Stevenson selbst hat geschrieben, dass er durch das Malen seines Stiefsohnes Lloyd Osbourne auf die Schatzinsel-Idee gekommen sei und selbst eine Zeichnung angefertigt habe: "Sie war aufwendig und sehr schön koloriert. Ihre Gestalt nahm meine Fantasie sofort gefangen, sie besaß Ankerplätze, die mir anmutig wie Sonette erschienen. Es soll wohl Menschen geben, denen Landkarten nichts bedeuten, und ich kann das kaum glauben. Hier ist eine unerschöpfliche Fundgrube für jeden Interessierten, der Augen hat zu sehen oder für zwei Penny Vorstellungskraft, um zu verstehen. Man muss sich nur erinnern, wie man als Kind im Gras gelegen und in einen unendlichen Wald aus Halmen geschaut hat, wo Heerscharen von Feen aufmarschierten. Ganz ähnlich begannen, wenn ich mich über die Karte der Schatzinsel beugte, die zukünftigen Figuren des Buchs sich dort in den Fantasiewäldern zu tummeln."

Der Schweizer Schriftsteller Alex Capus hat in seiner romanhaften Recherche über Stevenson erzählt, dass Stevenson während seines Aufenthaltes in San Francisco 1879/ 80 unweigerlich mit den Legenden und kursierenden Karten in Kontakt kam, die behaupteten, dass eine kleine Insel vor der Küste Costa Ricas jener Ort sei, wo nicht nur der Kirchenschatz von Lima versteckt worden sei, sondern auch diverse Piratenkapitäne dort ihre Beute vergraben hätten. Es ist höchstwahrscheinlich, dass Stevenson diese Seemannsschnurren in den Hafenkneipen gehört und später für seine "Schatzinsel" vergnügt genutzt hat.

Doch Cocos Island, vor der pazifischen Küste von Costa Rica gelegen, gilt auch ganz unabhängig von Stevenson als Schatzinsel schlechthin, die bis heute Amateure wie Profis magisch anzieht. 1978 hat die Regierung von Costa Rica die unbewohnte Insel unter Naturschutz gestellt, damit sie nicht ununterbrochen von Schatzsuchern umgewühlt wird. Seit 1997 ist sie sogar Unesco-Welterbestätte.
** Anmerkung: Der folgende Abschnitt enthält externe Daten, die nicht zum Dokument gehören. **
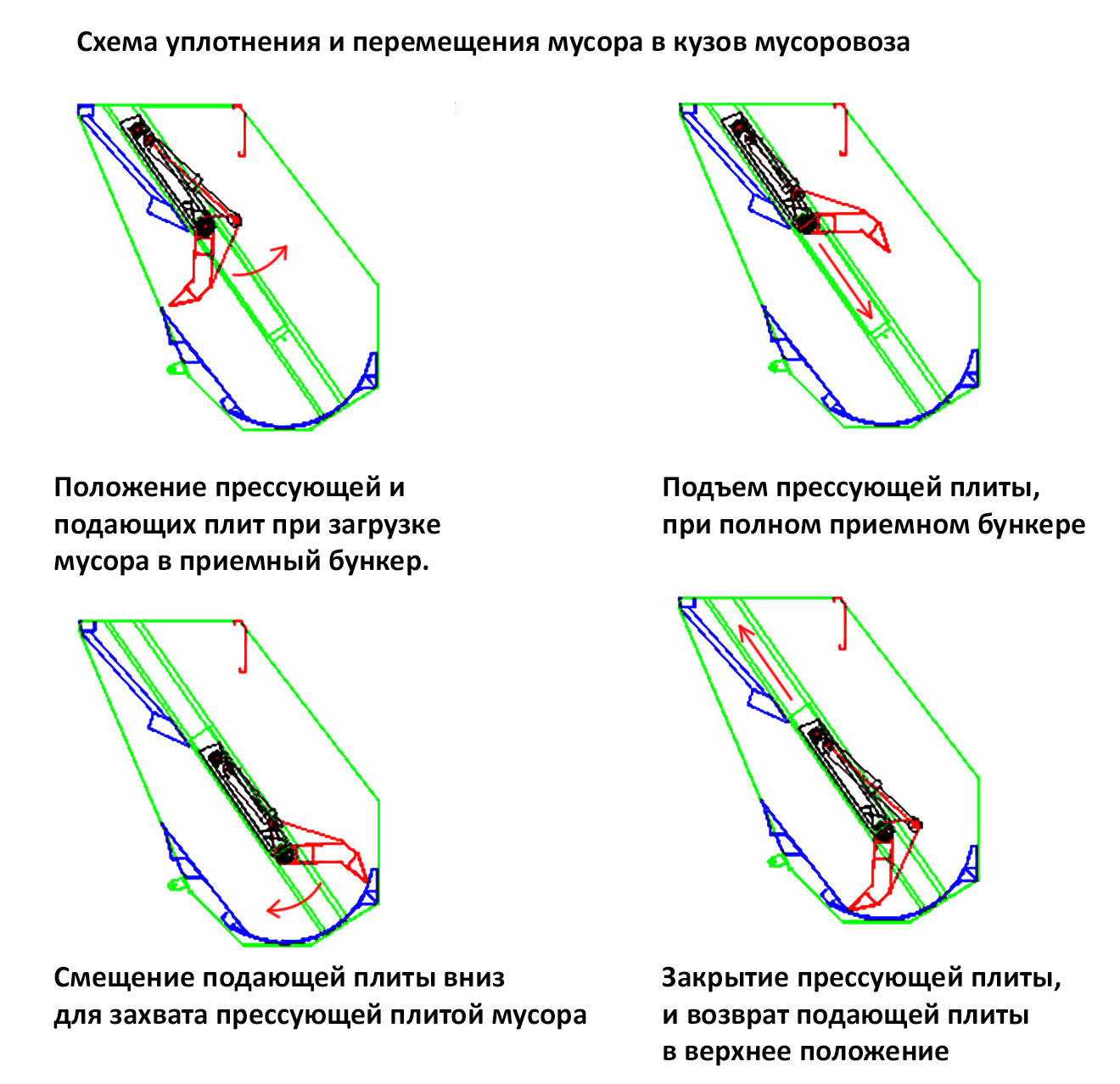 Описание и принцип работы мусоровозов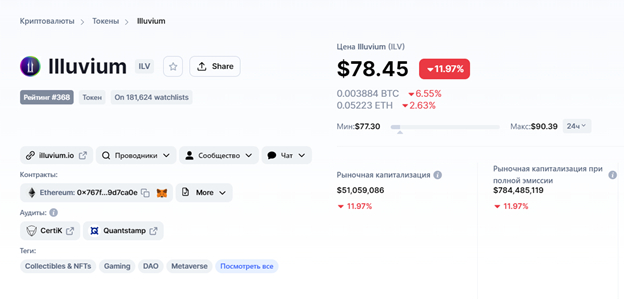 МЕТАВСЕЛЕННАЯ ILLUVIUM ОБЗОР NFT, Криптовалюта, Биткоины, Игры, Длиннопост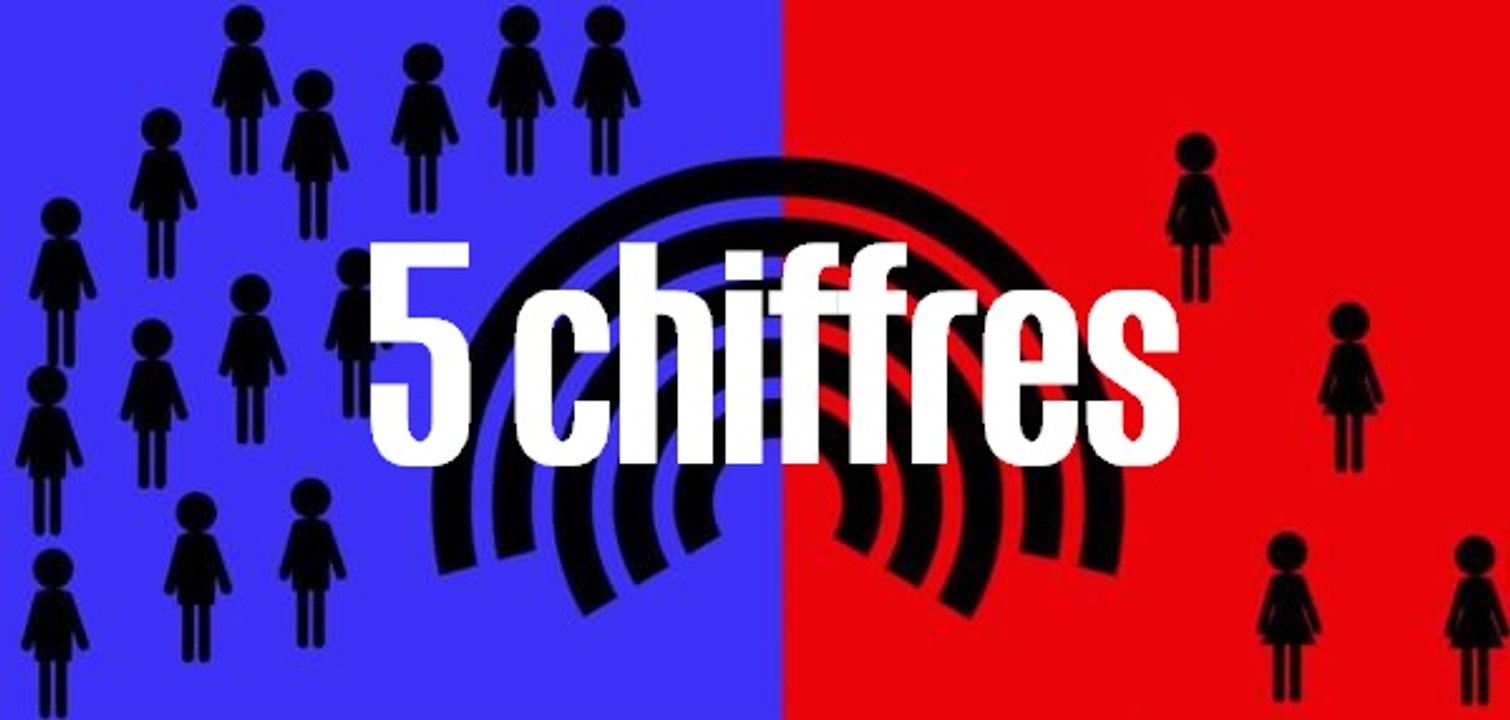 Égalité homme-femme au travail: 5 chiffres à retenir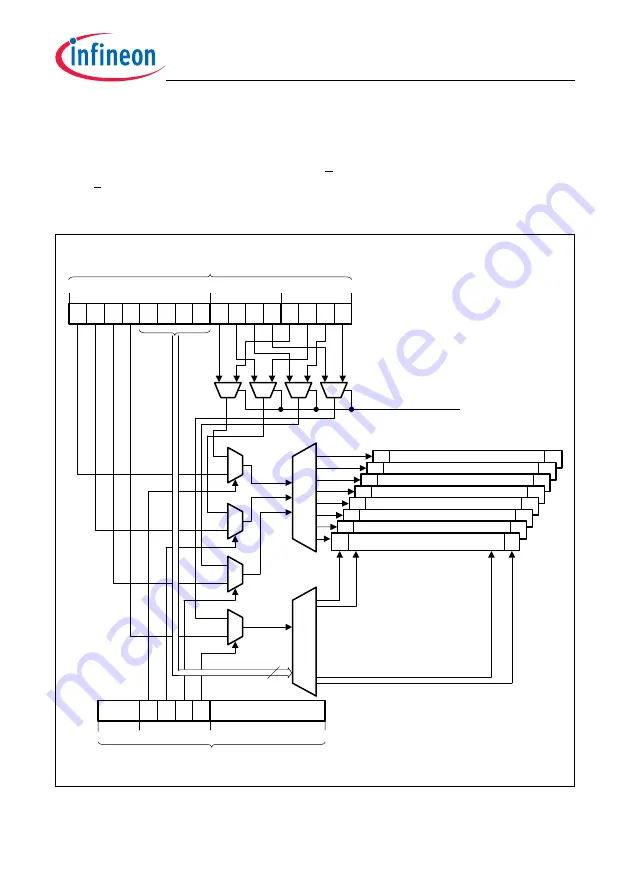 Infineon Technologies TC1784 Скачать руководство пользователя страница 1295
Ausgangspunkt für alle möglichen "echten" und unechten Karten, "wahren" und sonstigen Berichte ist der sagenhafte Kirchenschatz von Lima, der 1820 vor den anrückenden Aufständischen der von Simón Bolívar initiierten Unabhängigkeitsbewegungen in Sicherheit gebracht werden sollte. Doch schon davor sollen freibeuterische Seefahrer wie William Dampier, der immerhin dreimal um die Welt segelte und sich auch als Navigator und Geograf einen Namen machte, oder der berüchtigte Sir Henry Morgan auf der Cocos-Insel Beute vergraben haben. Tatsächlich war Dampier auf der Insel, die er auch beschrieben hat. Doch Henry Morgan operierte nur in der Karibik gegen spanische Schiffe. Noch unglaubwürdiger sind Gerüchte über den Piraten Benito Bonito, der historisch nicht zu belegen ist. Und auch der Kirchenschatz aus Lima ist wohl nicht vom schottischen Kapitän William Thompson auf der Kokosinsel vergraben worden. Auch Thompson und sein Schiff Mary Dear sind umstritten. Wahrscheinlicher ist es, dass der legendäre Limaschatz, darunter angeblich eine Marienstatue aus purem Gold, von den Spaniern selbst aus der Festung der peruanischen Hafenstadt Callao weggeschafft werden konnte, nachdem ihnen der britische Vizeadmiral Thomas Cochrane freien Abzug gewährt hatte.

Dennoch versuchen alle nur denkbaren Abenteurer und Globetrotter ihr Glück als Schatzsucher auf dieser Insel, die ja mehr oder weniger vollgestopft sein muss mit Gold, Edelsteinen und Silberbarren. Selbst der britische Admiral Henry St. Leger Bury Palliser wies 1897 die Mannschaft seines Flaggschiffs HMS Imperieuse dazu an, auf Cocos Island zu graben - erfolglos.

Unter allen Fantasten, die vom großen Fund träumten und die Insel umpflügten, ragt besonders der deutsche Fabrikantensohn aus Remscheid, August Gissler, hervor. Er schaffte es sogar, von der Regierung Costa Ricas 1897 zum Gouverneur der Kokosinsel ernannt zu werden. Er gründete eine Aktiengesellschaft zur Finanzierung der Schatzsuche. Von 1889 bis 1903 leitete er sogar eine kleine Kolonie, dann machte er mit seiner Frau alleine weiter. Gissler war sich seiner Sache sicher, weil er zwei Karten aus unterschiedlichen Quellen hatte. Doch obwohl er sich zwanzig Jahre lang buchstäblich in die Insel hineinbohrte in kilometerlangen Tunneln, die heute noch zu besichtigen sind, blieben seine Hoffnungen unerfüllt. Gissler starb verarmt 1935 in New York. Seine Ausbeute bestand nur aus sechs Münzen, die er am Strand der Wafer Bay gefunden hatte. Es waren: Dublonen, Dublonen!